◆ Data section
◇ ◇ ◇
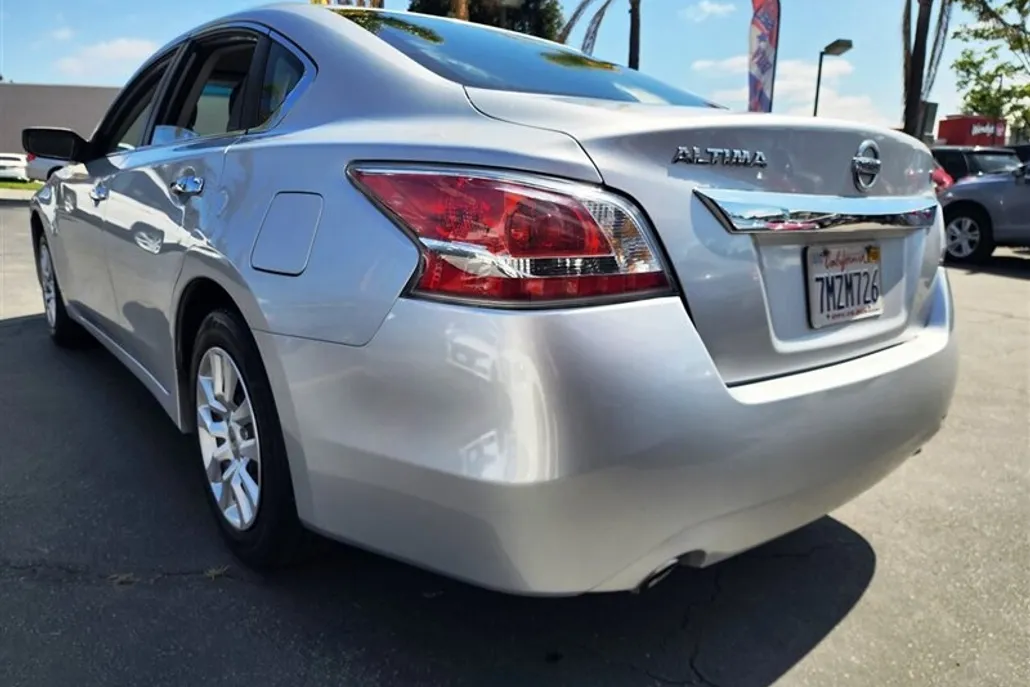 2015 Nissan Altima 2.5 S photo 1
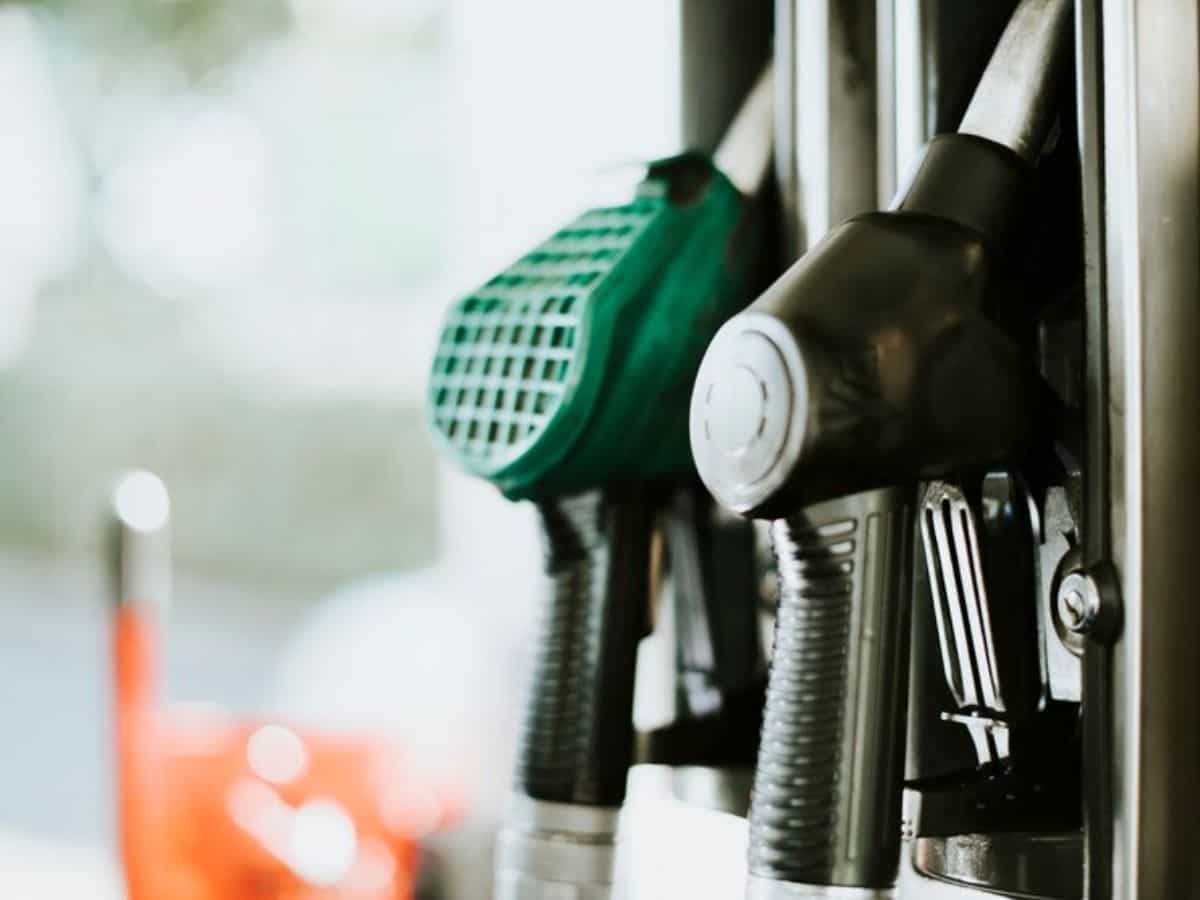 Petrol-Diesel Prices: पेट्रोल-डीजल GST के दायरे में आए तो ₹20 प्रति लीटर तक घटेंगे दाम, यहां समझें पूरा गणित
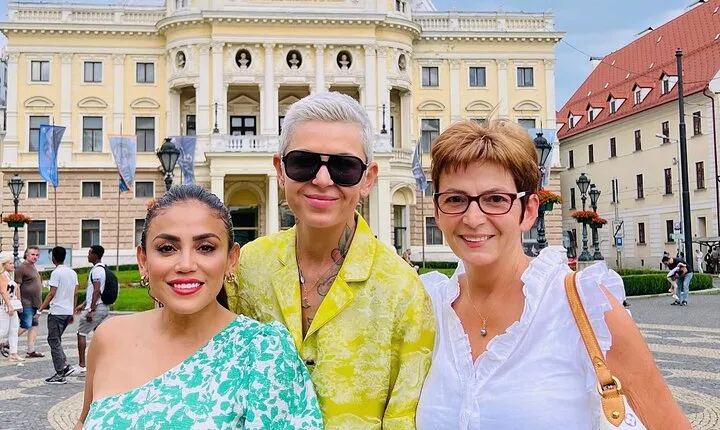 Vienna to Budapest and Bratislava Private Full Day Guided Tour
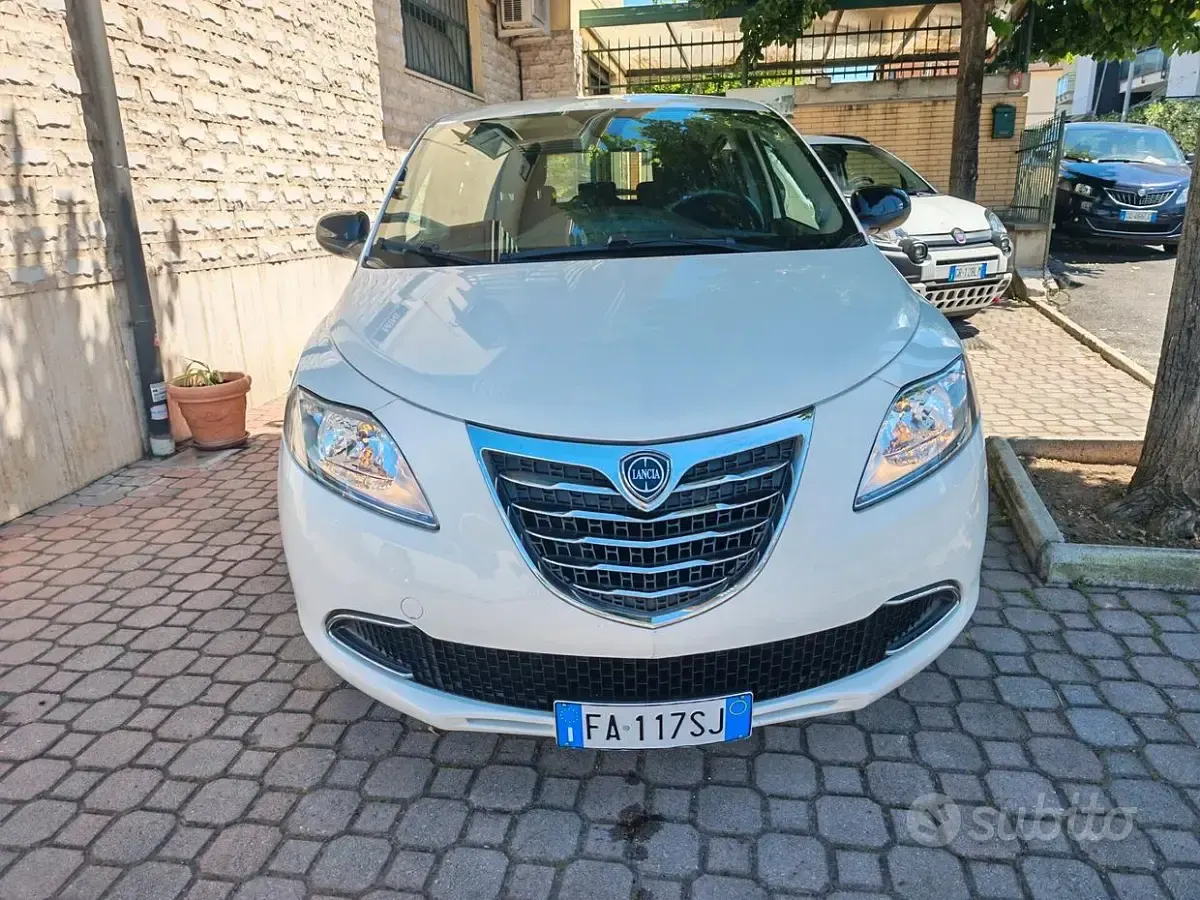 Usata Lancia Ypsilon 69 CV (50 kW) 2015 Bianco Utilitaria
◇ ◇ ◇
◆ Assignment
Restate the data above verbatim, skipping every image.

◆ Response area
 2015 Nissan Altima 2.5 S photo 1
 Petrol-Diesel Prices: पेट्रोल-डीजल GST के दायरे में आए तो ₹20 प्रति लीटर तक घटेंगे दाम, यहां समझें पूरा गणित
 Vienna to Budapest and Bratislava Private Full Day Guided Tour
 Usata Lancia Ypsilon 69 CV (50 kW) 2015 Bianco Utilitaria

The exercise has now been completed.